Car dealer conflict bad for investors
$10m market plunge for NZ Automotive Investments
Smaller investors appear to have been caught in the middle of a spat this week between two major shareholders at NZ Automotive Investments.
The company, which owns the nationwide car dealership 2 Cheap Cars, has had nearly $10 million wiped off its market capitalisation after four of its directors resigned citing “irreconcilable differences” between them and remaining director and major shareholder David Sena.
One of those who resigned was Eugene Williams, who owns 34 per cent of the company.
Oliver Mander, chief executive of the Shareholders’ Association, said retail investors had been caught in the crossfire between two majority shareholders, highlighting the importance of having a majority of independent directors on publicly listed company boards.
Last year the association raised concerns with the company about director independence as part of its annual assessment report.
“We did talk to them around that director independence issue because it is something we get quite concerned about — particularly when you have got majority owners,” said Mander.
One of the issues raised was a lack of a relationship description for director Tracy Rowsell — one of those who resigned this week.
“We were slightly critical of that with them because we felt that her very close relationship with David Sena at that time should have been disclosed.”
At the time Rowsell was a trustee on Sena’s family trust. That should have been disclosed, said Mander.
Mander said the company had taken on its concerns and had been keen to bring more independent directors onto the board.
But a quick look at the company’s sharemarket notices shows the challenges involved in doing that and the tension building on the board.
In early April, two independent directors tendered their resignations. Michele Kernahan’s resignation was effective immediately while Karl Smith resigned from the chair’s role but said he would stay on the board until another independent director could be found.
Tim Cook was appointed an independent director in late
April, freeing Smith to depart.
Then chief executive David Page resigned on July 1, but will serve out his notice until September 30.

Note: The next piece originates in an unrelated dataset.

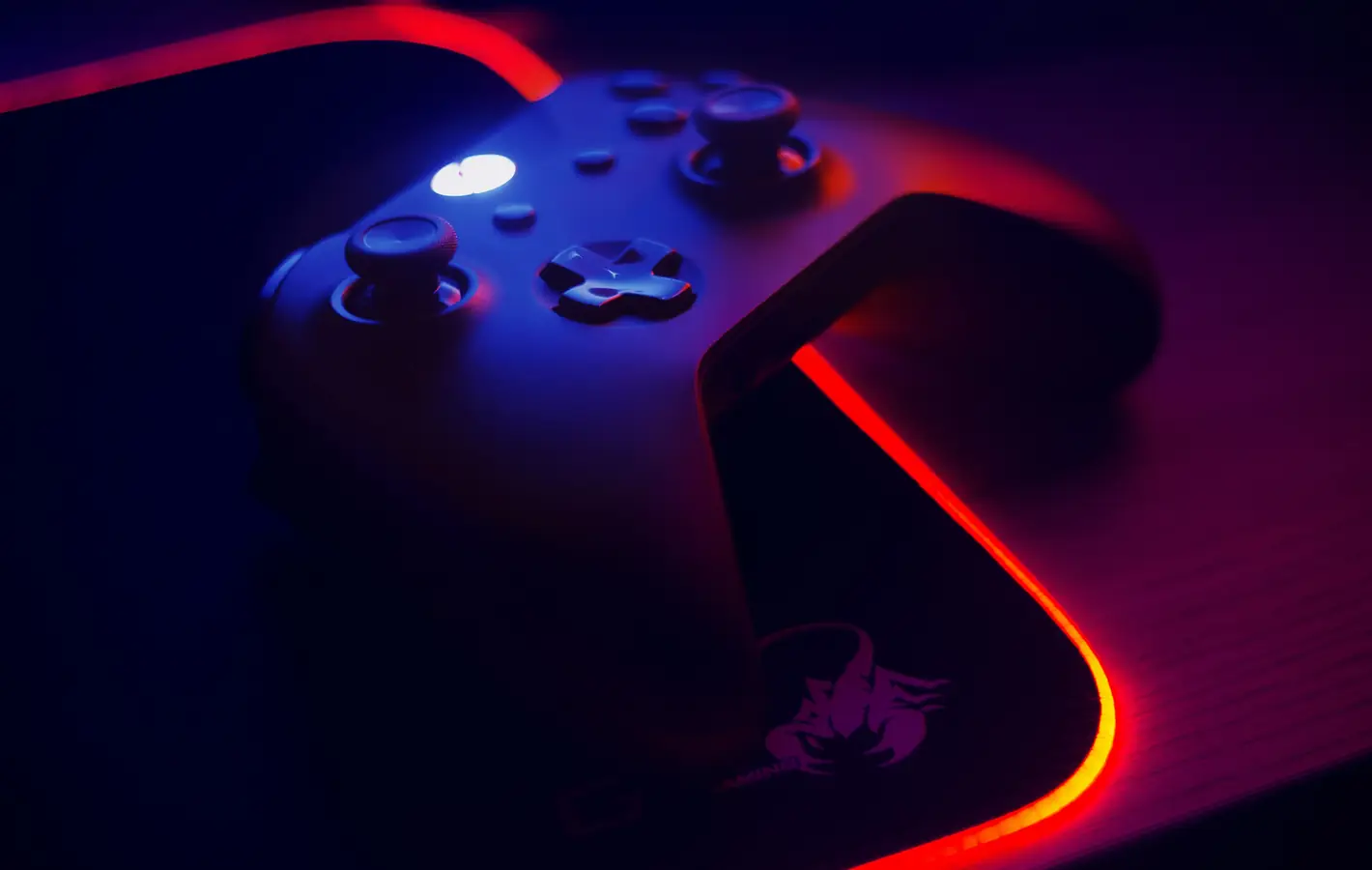 Xbox controller with glowing red light — desktop and phone wallpaper, free download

Now Cook, Rowsell, Williams and acting chair Charles Bolt have all resigned.
On Wednesday remaining director and shareholder Sena nominated three new directors to be appointed at the company’s annual shareholder meeting on August 25, but already one has withdrawn.

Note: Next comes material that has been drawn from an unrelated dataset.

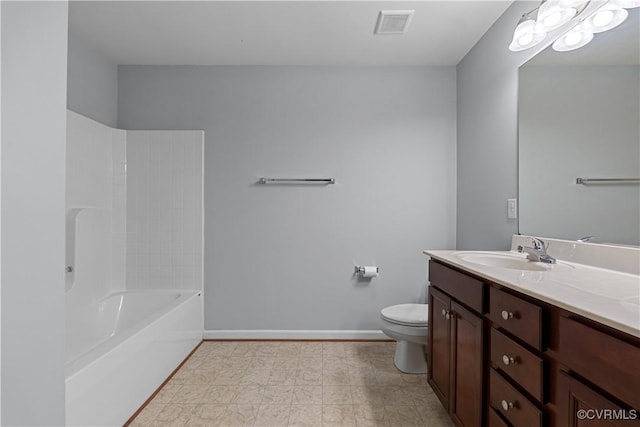 full bath featuring toilet, vanity, visible vents, baseboards, and washtub / shower combination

Mander said NZX listing rules required three directors on a board. The code of corporate governance recommends the majority of directors be independent but there is no requirement for that in order to be compliant.
Mander said the association had made a submission on the code, calling for elements of it to be moved into the listing rules. “That’s exactly for situations like this.”
He said the NZSA often heard from companies that their boards reflected the make-up of their ownership but that was not good enough.
“NZA has provided the perfect example as to why. There is an issue with those founders. What we are seeing is that retail shareholders are caught in the crossfire in the fallout between two founders who own a significant stake.”
Shareholders have sold up this week, resulting in the share price falling from 65c to 44.5c.
Mander said investors
should be wary of buying into any company with major shareholders which did not have an independent board.
Investors in the company now have the option of selling or sticking with it to see how the new directors pan out.
But investors will no doubt be wanting information on how independent the nominated directors are.
Mander said he wanted to see details of the proposed directors’ qualifications in the notice of meeting and a clear statement about why they were independent.
As to how the issue between the major shareholders is resolved, that could require one to sell out, and with the share price having been dramatically reduced, that will no doubt be less attractive.
Infratil action
In an unusual situation, Infratil was a seller and a buyer this week when it came to the sale
of Vodafone’s cell tower assets.
Infratil owns 49.95 per cent of Vodafone NZ, which sold its cell tower network for
$1.7 billion.
But it was also part of the consortium buying a 20 per cent stake.
While the sale price is seen as fair and on par with Spark’s recent sale of its towers, some Infratil investors have been left scratching their heads over why Infratil would want to be a direct investor in the tower assets.
In a note this week, Jarden analyst Neville Gluyas pointed to the high multiple achieved in the sale price but said investors may be less convinced by Infratil’s direct purchase of the 20 per cent stake for about 340m.
“A high 33.8x multiple can perhaps be rationalised by assuming an ultra-low cost of capital plus future growth from shared tenancy and more towers, but Infratil is not typically regarded as targeting ultra-low returns.”
The NZSA’S Mander said there was no doubt the sale of the tower business was good for Infratil investors, but he was curious about the 20 per cent direct stake in the company that had bought the towers.
“They are both seller and buyer essentially.
“But the fact that the value of the deal is at a similar level to the Spark sale late last week. I’ve got no doubt it’s an appropriate price.”
An Infratil spokeswoman said buying the 20 per cent stake was not a condition of the sale.
“Infratil chose to retain a position in the Towerco business which it already owns through Vodafone NZ.
“Part of the reason we liked Vodafone as an investment was its exposure to this embedded infrastructure, so retaining some of that exposure is consistent with our original investment thesis.”